Writing isn’t especially easy, at least not for me and most people I know, but it is rewarding. If you’ve had trouble with writing in the past, that doesn’t necessarily mean that you are a Bad Writer—some of the best writers struggle very, very hard—but it may mean that you’re trying to use a writing process that doesn’t work for you. Experiment with different ways of writing papers (even different places can sometimes help), and come see me if you need help. But, mainly, just try to think rhetorically about your writing—what are you trying to do? Who is your audience? What is the context? How is this like or unlike other writing situations? And, how can you make this writing assignment enjoyable?

Notes

  1. Define it: “How he thinks about the red ball, what he thinks it is like, how important he thinks it is relative to other balls.” Divide it into different categories: “When a squirrel is nearby, in the snow, at night, when Hubert is chasing the ball.” Describe a larger category of which it is a part: “His attitude toward important things.” Describe its opposite: “Chester’s attitude to the blue ball.” Come up with an analogy: “His attitude toward the red ball is like Hubert’s attitude toward the stuffed monkey.” List its good and bad consequences: “Good—it’s very entertaining, chasing the ball and carrying it around gives him exercise, he doesn’t get bored, he feels more comfortable at the vet or on trips if it is around. Bad—he knocks it into things, it gets covered in mud and then he brings it in the house, he is mournful if it breaks.” [back]
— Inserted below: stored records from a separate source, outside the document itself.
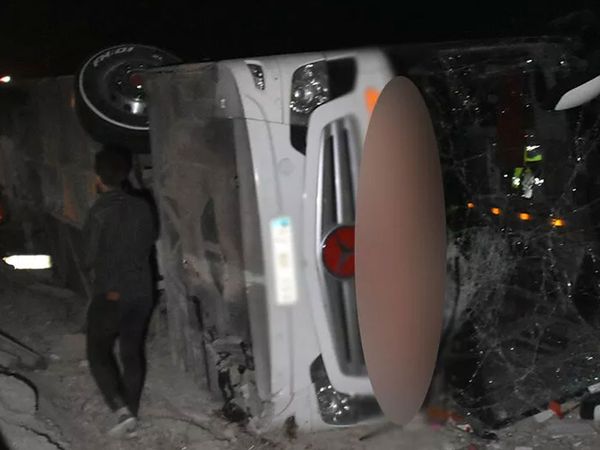 Konya'da Yolcu Otobüsü Devrildi: 1'i Ağır 14 Kişi Yaralandı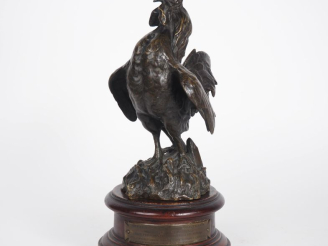 Vente aux enchères HIERHOLTZ. "le coq" Sculpture en bronze à patine brune Signé H. 28,5 c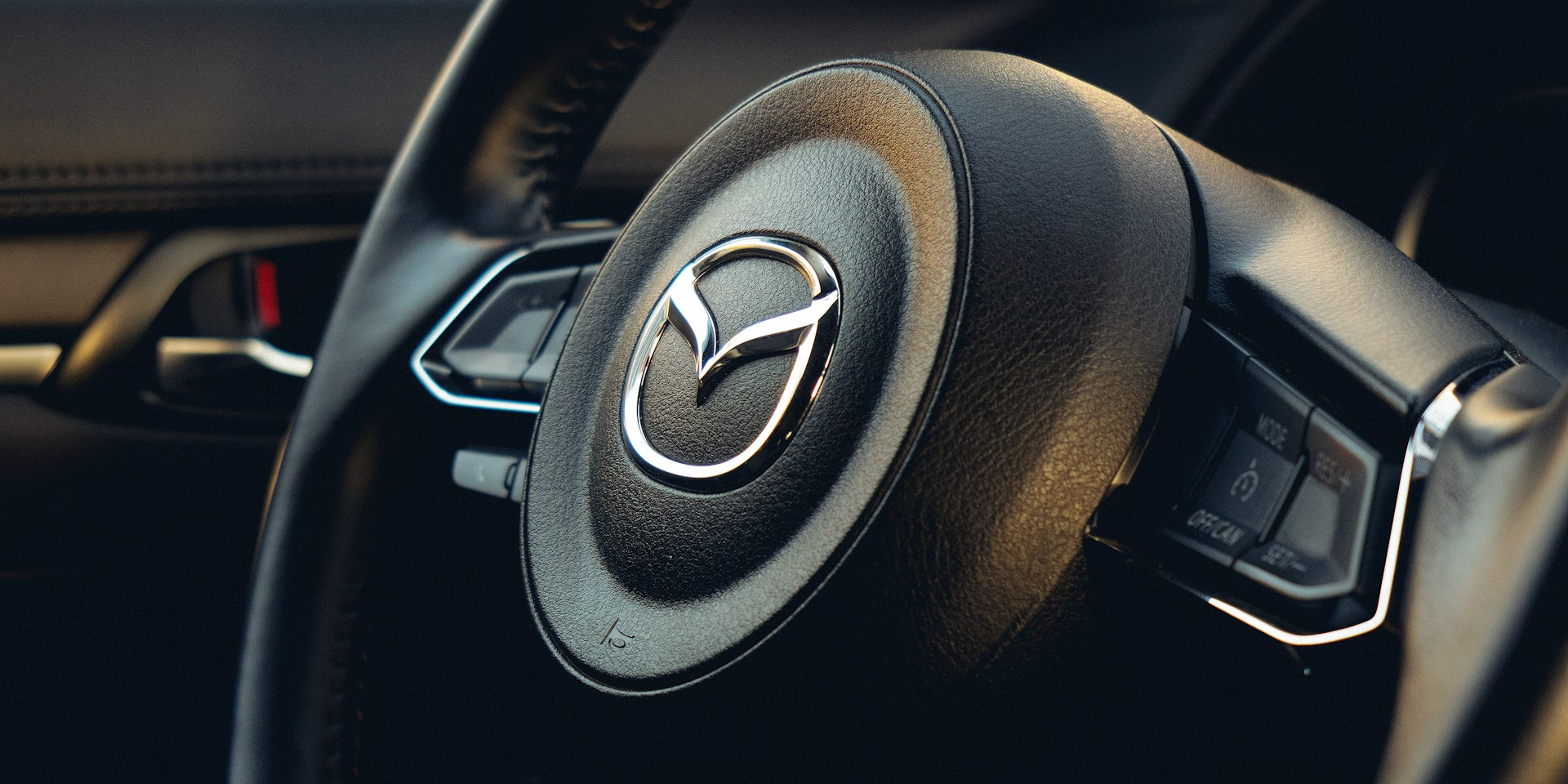 Легкові моделі витягують продажі Mazda та Honda (Фото: Unsplash)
  2. One version of the chronological structure with which students are not always familiar is the research version of a lab report. That is, the author narrates the development of his/her thinking on the topic. [back]
  3. Here you’re in a bind. American writing instructors, and many textbooks, mis-use the term “thesis statement.” The thesis statement is a summary of the main point of the paper; it is not the same as the topic statement. Empirical research shows that most paragraphs end with a statement of topic, not the thesis. But, our students are taught to mis-identify the topic sentence as the thesis statement (e.g., so they think that “What are the consequences of small dogs conspiring with squirrels?” is a thesis statement). This is not a trivial problem, and I would suggest is one reason that students have so much trouble with reasoning and critical reading. I’m not kidding when I say that I also think it contributes significantly to how bad public argument is. You can insist on the correct usage (which is pretty nearly spitting into the wind), or you can come up with other terms—proposal statement, main claim, main point. [back]
  4. Chester is a big dog. Chester chases the red ball. The squirrels want the red ball. Squirrels are evil. Squirrels desire world domination. Getting the red ball will enable squirrels to dominate the world.Chester, a big dog, chases the red ball that the squirrels want because it will enable them to dominate the world.[back]
  5. Active voice: Chester chased the red ball.
    Passive voice: The red ball was chased by Chester.
    Active agency: Chester chased the red ball.
    Passive agency: Chasing happened between the red ball and Chester.
    Notice that the last sentence is active voice, but passive agency. (Agency and voice are not the same thing.)